Medallion Architecture in Microsoft Fabric

In this article, we're going to demo a medallion architecture within a Fabric Lakehouse using notebooks. But before we jump into the code, I want to make sure you understand exactly what medallion architecture is, why it matters, and when to use it. Then we'll ,learn how to implement, step by step.
By the end of this blog, you'll have:
A solid understanding of what medallion architecture is and why organizations use it
Hands-on code you can run in your own Fabric workspace
Best practices
Troubleshooting tips for common issues
What is the medallion lakehouse architecture?
The medallion architecture describes a series of data layers that denote the quality of data stored in the lakehouse.
This architecture guarantees atomicity, consistency, isolation, and durability as data passes through multiple layers of validations and transformations before being stored in a layout optimized for efficient analytics. The terms bronze (raw), silver (validated), and gold (enriched) describe the quality of the data in each of these layers.
Medallion architecture as a data design pattern
A medallion architecture is a data design pattern used to organize data logically. Its goal is to incrementally and progressively improve the structure and quality of data as it flows through each layer of the architecture (from Bronze ⇒ Silver ⇒ Gold layer tables). By progressing data through these layers, organizations can incrementally improve data quality and reliability, making it more suitable for business intelligence and machine learning applications.
Does it sound technical? let’s break it down: See yourself living in a messy room. You wouldn't just throw everything into one trash can, right? You'd probably sort things into categories; maybe "things to throw away," "things to clean," and "things ready to use.

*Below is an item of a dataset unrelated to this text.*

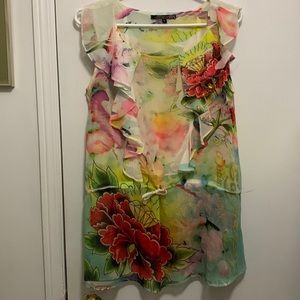 Ed Hardy Ruffled Blouse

We will define each layer alongside side their use cases:
The Bronze layer stores all the raw data from external source systems. For example: your company receives daily sales data from 50 retail stores. Some stores send CSV files, others send JSON from APIs, and a few still email Excel spreadsheets. The Bronze layer stores ALL of this exactly as received, CSV stays CSV, JSON stays JSON, Excel stays Excel. No changes.
This layer acts as your historical backup, which means that if you ever notice an error or bug while cleaning or transforming your data in the silver layer, you can always go back to Bronze and start fresh without contacting the source systems again.
In the Silver layer of the lakehouse, the data from the Bronze layer is matched, merged, and cleansed so that the Silver layer can provide an "Enterprise view" of all its key business entities, concepts and transactions.
Example: Those 50 retail store files from Bronze? Silver layer:
Converts all dates to the same format (some stores used MM/DD/YYYY, others DD/MM/YYYY)
Removes test transactions (employee purchases with $0 price)
Deduplicates orders that were sent twice
Validates that product IDs actually exist in your product fact table
Creates a unified "sales_silver" Delta table
Gold Layer is for reporting and uses more de-normalized and read-optimized data models with fewer joins. The final layer of data transformations and data quality rules are applied here. Final presentation layer of projects such as Customer Analytics, Product Quality Analytics, Inventory Analytics, Customer Segmentation, Product Recommendations, Marking/Sales Analytics etc. fit in this layer.
Transformations:
Aggregate data (daily sales by store, monthly revenue by region)
Create dimensional models (star schemas with fact and dimension tables)
Apply business logic (calculate profit margins, identify VIP customers)
Optimize for fast queries (denormalize tables, pre-calculate metrics)
From that Silver sales data, Gold layer creates:
FactSales table (one row per transaction with metrics)
DimCustomer table (customer attributes)
DimProduct table (product details)
DimDate table (calendar dimensions)
Sales_Summary view (pre-aggregated monthly totals)
Now let's get practical. I'm going to show you exactly how to build this, step by step.
On your browser type https://app.fabric.microsoft.com and sign in with your Fabric account. If you don't have access yet, you can start a free 60-day trial. No credit card required.
Click Workspaces (🗇) in the left navigation panel → Select + new workspace → Give it (any name of your choice). For this demo, for this demo, I'm using "fabricseries" as my workspace
Go to the Workspace settings → find Data model editing and toggle it on. (Note: This feature is already activated in my environment, but you may need to enable it manually)
In your workspace, click + New → Select Lakehouse from the list → Give it any name of your choice (I'm using "Sales_Medallion_Demo") lakehouse → Click create → Your lakehouse will open automatically once it's created.
Upload sample data folder
For this demo, we need some data to work with:
In your lakehouse, navigate to the Files section
Click Upload → Upload folder
Select the orders folder containing your sample data
Wait for the upload to complete
Your data is now in the lakehouse and ready to be processed through the medallion layers.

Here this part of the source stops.